MATERIAL TO PROCESS:
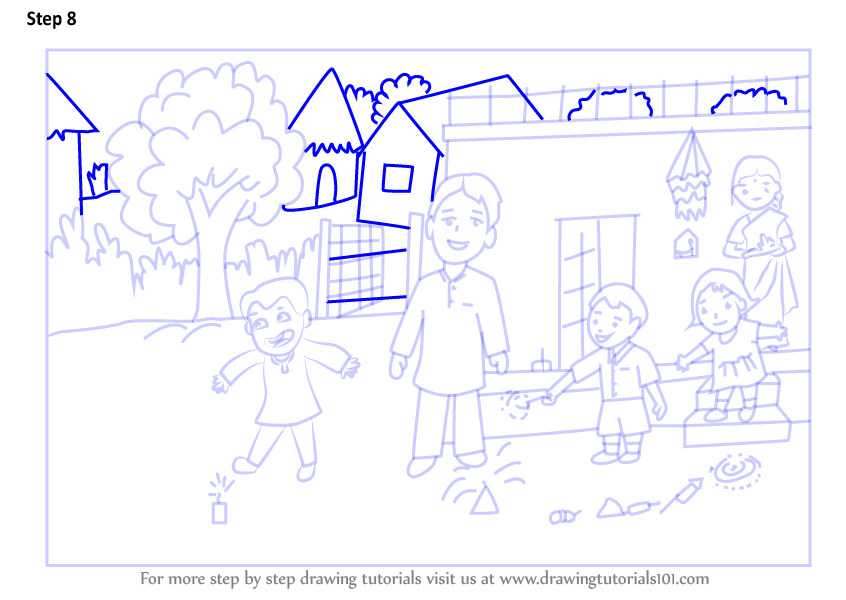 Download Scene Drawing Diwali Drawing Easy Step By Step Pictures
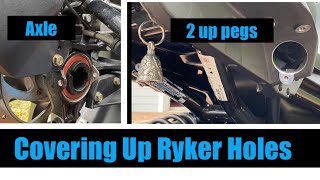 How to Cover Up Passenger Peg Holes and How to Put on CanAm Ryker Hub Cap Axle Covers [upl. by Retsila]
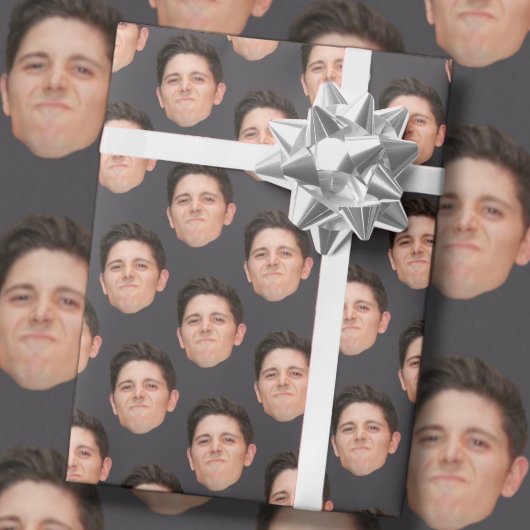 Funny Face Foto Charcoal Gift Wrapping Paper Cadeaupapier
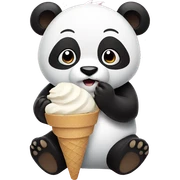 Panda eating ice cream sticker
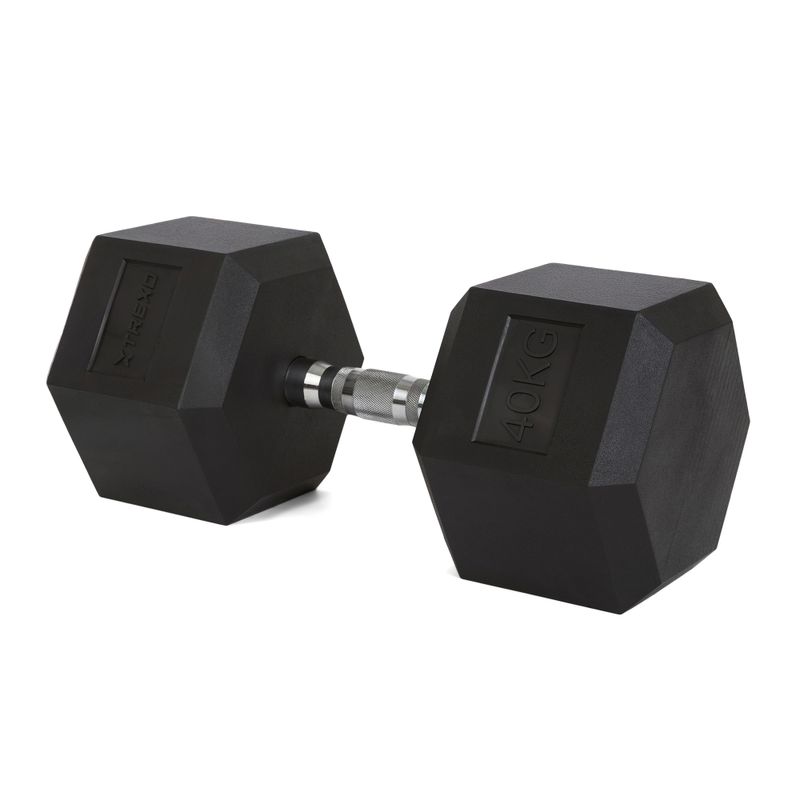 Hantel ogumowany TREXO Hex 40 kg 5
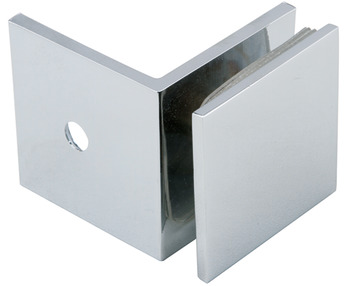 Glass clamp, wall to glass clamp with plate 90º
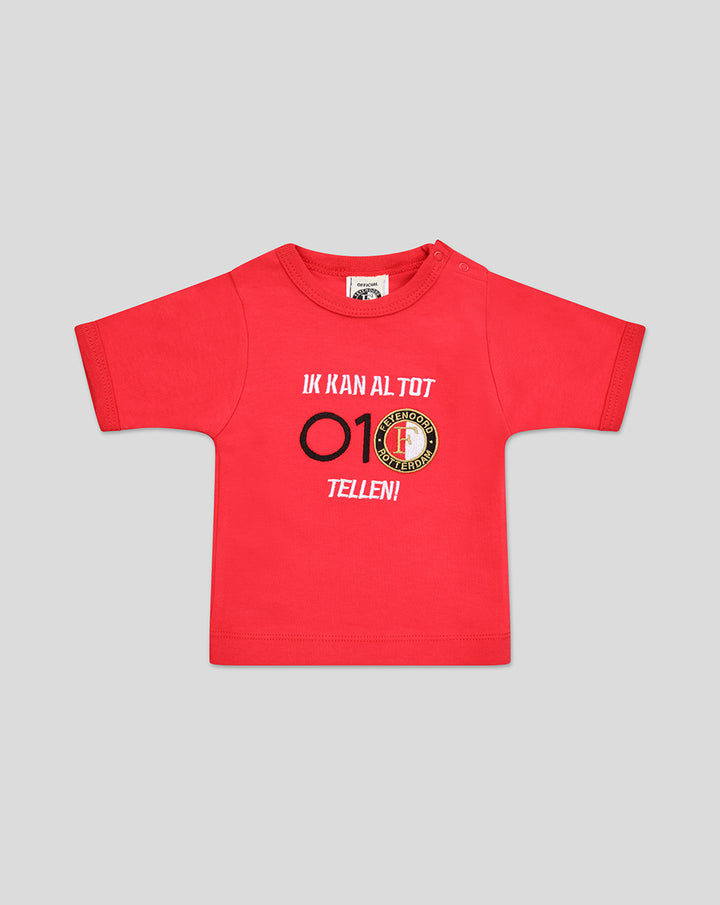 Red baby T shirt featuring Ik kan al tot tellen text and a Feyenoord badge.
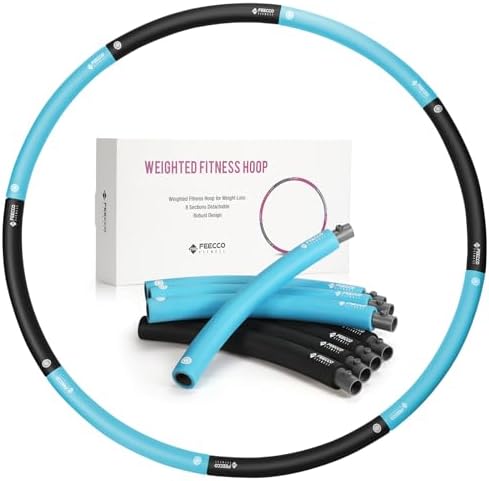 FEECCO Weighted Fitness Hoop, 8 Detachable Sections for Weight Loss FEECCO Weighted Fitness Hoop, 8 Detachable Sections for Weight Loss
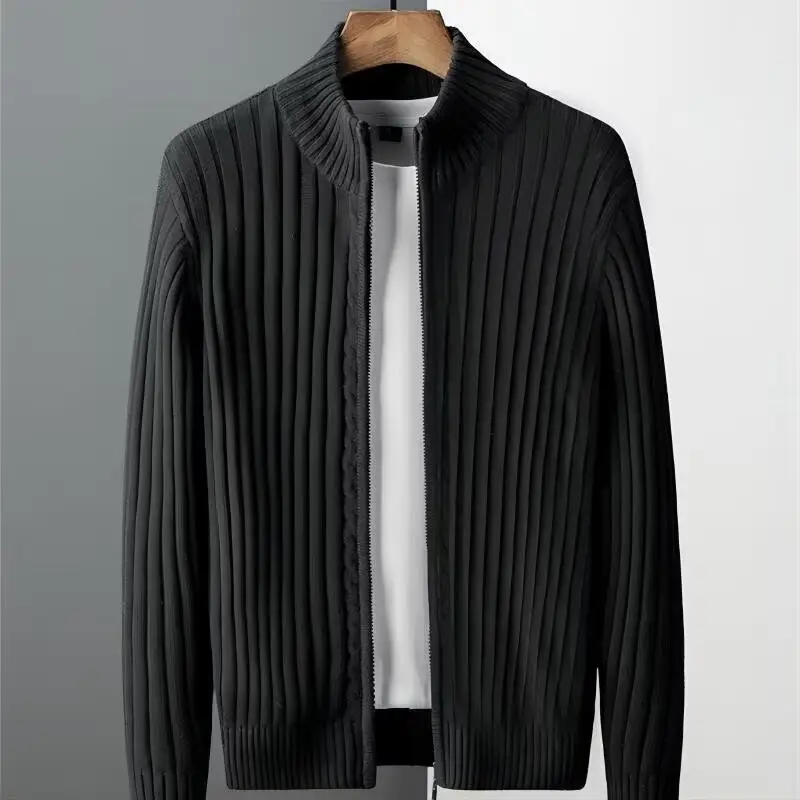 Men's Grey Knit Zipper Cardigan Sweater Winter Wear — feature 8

---

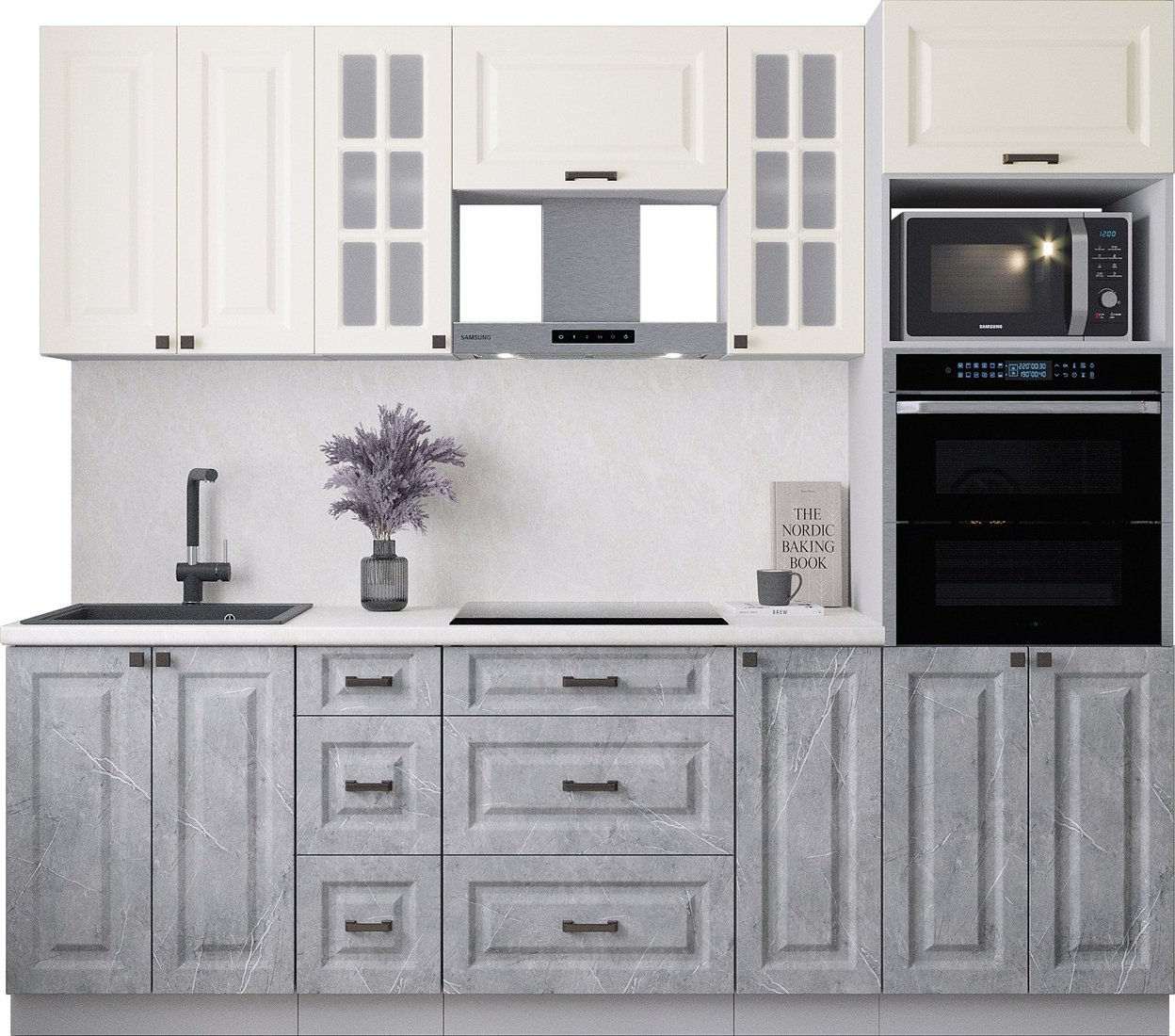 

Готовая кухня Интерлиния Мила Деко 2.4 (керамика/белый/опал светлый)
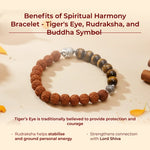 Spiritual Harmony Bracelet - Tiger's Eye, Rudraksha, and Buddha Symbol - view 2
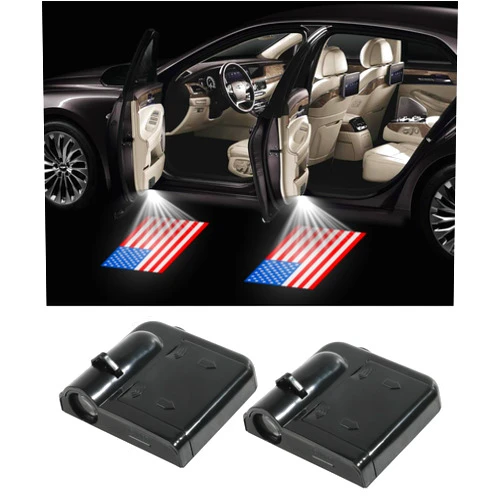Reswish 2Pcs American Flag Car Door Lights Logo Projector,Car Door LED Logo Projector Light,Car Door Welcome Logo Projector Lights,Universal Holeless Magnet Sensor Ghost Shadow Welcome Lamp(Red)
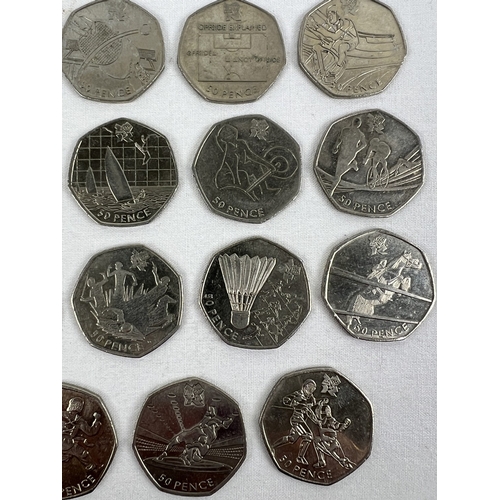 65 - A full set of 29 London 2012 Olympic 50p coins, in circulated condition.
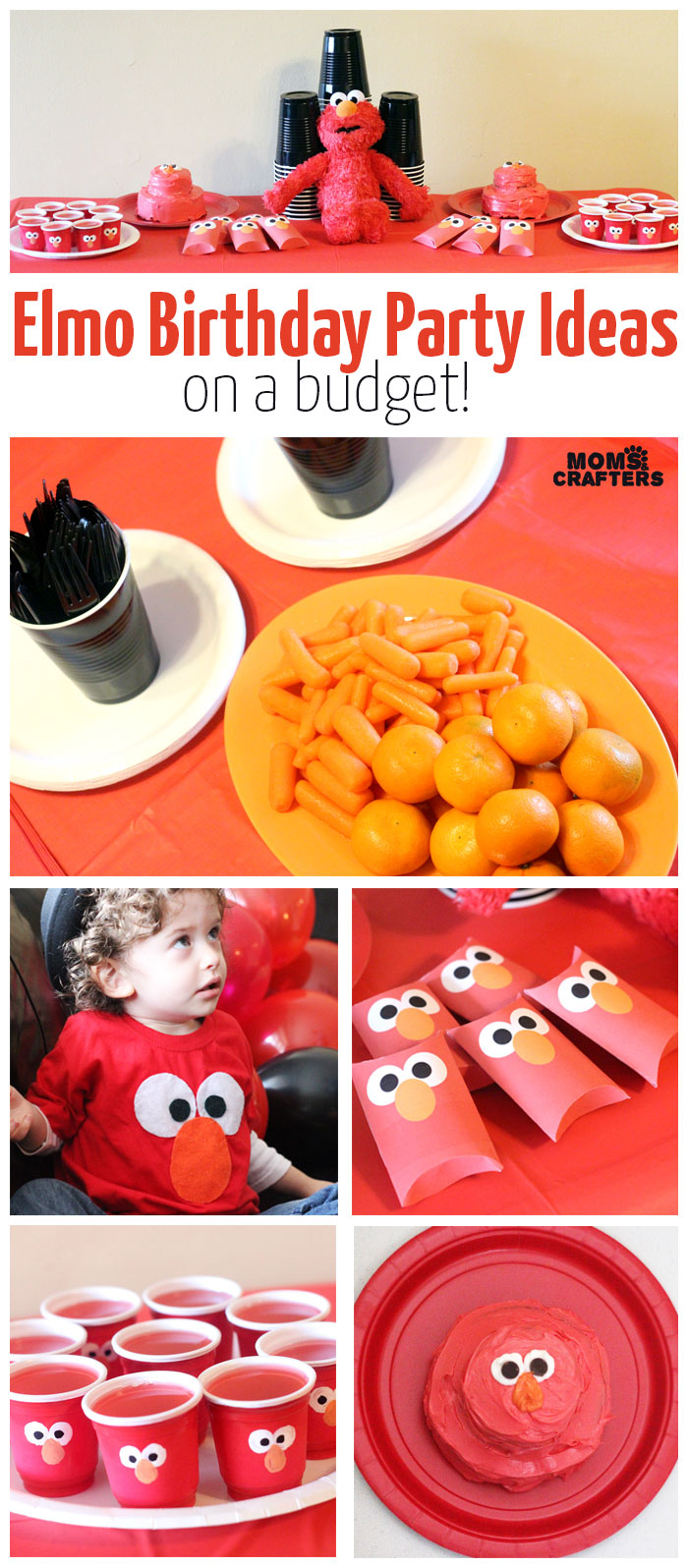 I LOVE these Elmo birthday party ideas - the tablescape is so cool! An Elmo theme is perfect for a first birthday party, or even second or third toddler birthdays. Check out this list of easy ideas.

WHAT YOU ARE ASKED TO DO:
In the records above, find the line with "65 - A full" and the line with "I LOVE these", then restate word for word only those two lines and all lines between, omitting pictures.

EXERCISE OUTPUT:
 65 - A full set of 29 London 2012 Olympic 50p coins, in circulated condition.
 I LOVE these Elmo birthday party ideas - the tablescape is so cool! An Elmo theme is perfect for a first birthday party, or even second or third toddler birthdays. Check out this list of easy ideas.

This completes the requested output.